Anggota Dewan Pers Yadi Hendriana dalam sesi diskusi virtual 'Refleksi Akhir Tahun 2022  Ikatan Jurnalis Televisi Indonesia (IJTI) secara daring. Anggota Dewan Pers Yadi Hendriana dalam sesi diskusi virtual 'Refleksi Akhir Tahun 2022 Ikatan Jurnalis Televisi Indonesia (IJTI) secara daring.
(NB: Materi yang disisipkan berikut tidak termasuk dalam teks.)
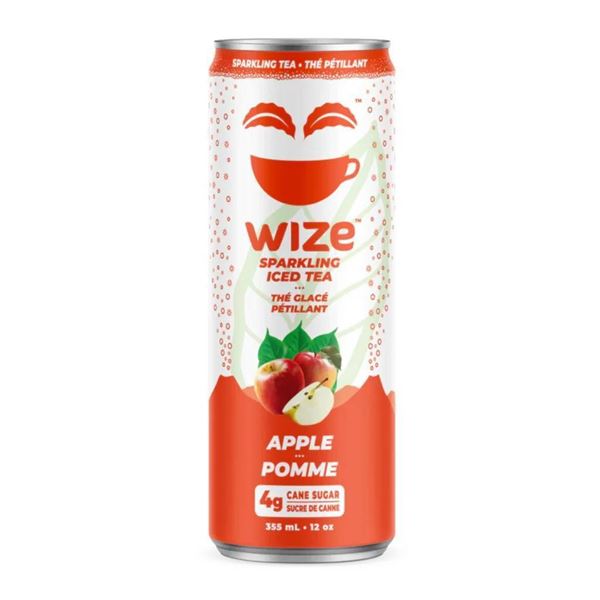 Wize Sparkling Apple Tea 355ml, Lot Code WIZE-0078, Case of 12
Detakbanten.com, JAKARTA - Anggota Dewan Pers Yadi Hendriana menyebut perlunya integritas pers menghadapi tahun politik. Integritas itu bisa diimplementasi dengan terus menjunjung tinggi kode etik jurnalistik dan regulasi yang ada.
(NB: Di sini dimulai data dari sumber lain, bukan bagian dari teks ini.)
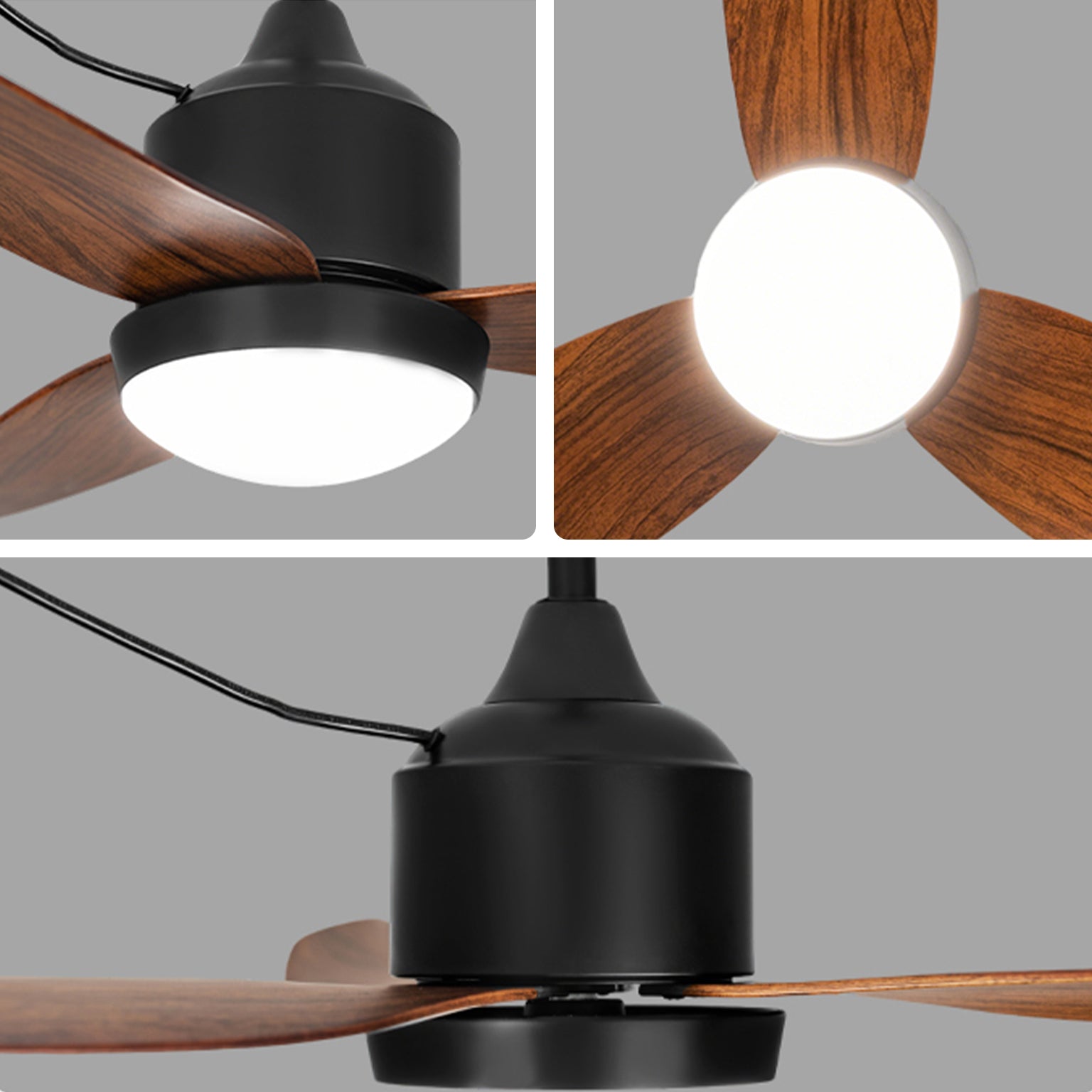WOMO 52 inch Black Outdoor Ceiling Fan Lamp - WM5285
"Pentingnya menjaga integritas pers menghadapi kontestasi politik. Bagaimana kualitas pers menghadapi intervensi itu, ya karena tak semua awak pers di kita profesional," ujar Yadi, dalam Refleksi Akhir Tahun 2022 Ikatan Jurnalis Televisi Indonesia (IJTI) secara daring, Selasa (27/12/2022).

Diakui Yadi, kualitas profesional itu menjunjung tinggi kode etik dan regulasi yang ada di Dewan Pers. “Ini sesuai prinsip-prinsip jurnalisme yang bertanggung jawab," katanya.
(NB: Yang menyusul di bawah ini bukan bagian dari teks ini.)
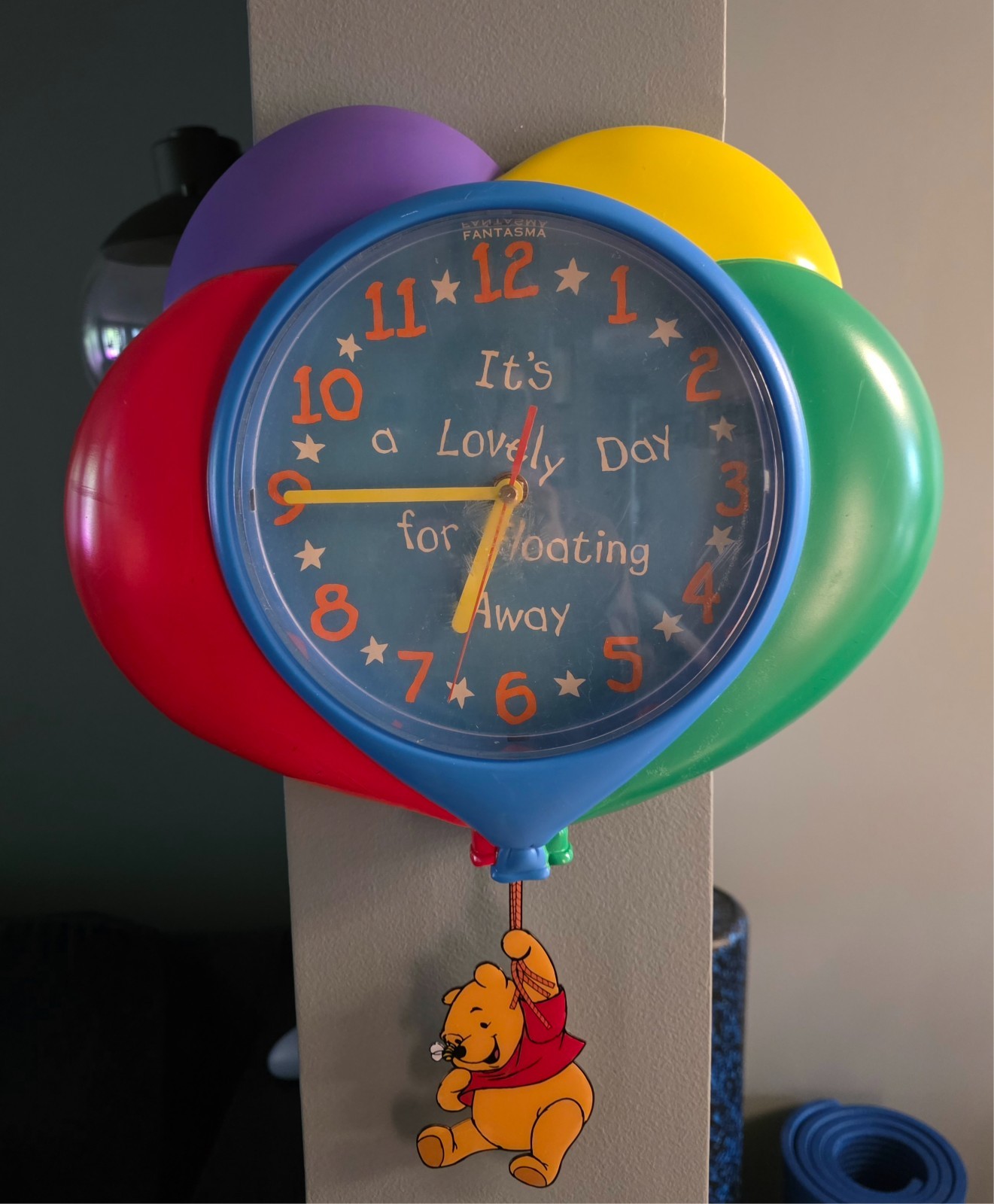 Working Vintage Fantasma Disney Winnie The Pooh Balloon Pendulum Clock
Pihaknya turut menyinggung terkait jurnalisme positif dalam kontestasi politik. Di antaranya, harus mampu memberi pilihan kepada publik, sehingga masyarakat bisa memilih pilihan politik secara tepat.
"Itu fungsi dari jurnalisme. Artinya, jurnalisme nggak melulu memberitakan fakta-fakta yang ada tanpa ada maksud, tapi maksud publik seperti apa," tukasnya.

Ia juga seraya membahas KUHP yang disahkan 6 Desember 2022 lalu. Menurutnya, ada 19 pasal dari beberapa kluster berpotensi merobek kebebasan pers.

Yadi, bersama anggota Dewan Pers lain, telah menguji beberapa pasal itu dengan sejumlah lembaga. Mulai dari Kejaksaan Agung, kepolisian, dan Mahkamah Agung. Hasilnya, KUHP yang disahkan berpotensi mengkriminalkan jurnalis.

"Pasal itu bisa dimainkan. Kita khawatir, justru ini bagaimana tantangan kita harus betul-betul membuat pemerintah yakin bahwa di 19 pasal itu mengganggu kebebasan pers," ungkapnya.

Lantas, ia menganalogikan sebuah media membuat karikatur kepala negara. Ini sebagai wujud kritik terhadap pemerintah. Tetapi, di KUHP baru itu, diduga sebagai wujud penghinaan terhadap kepala negara.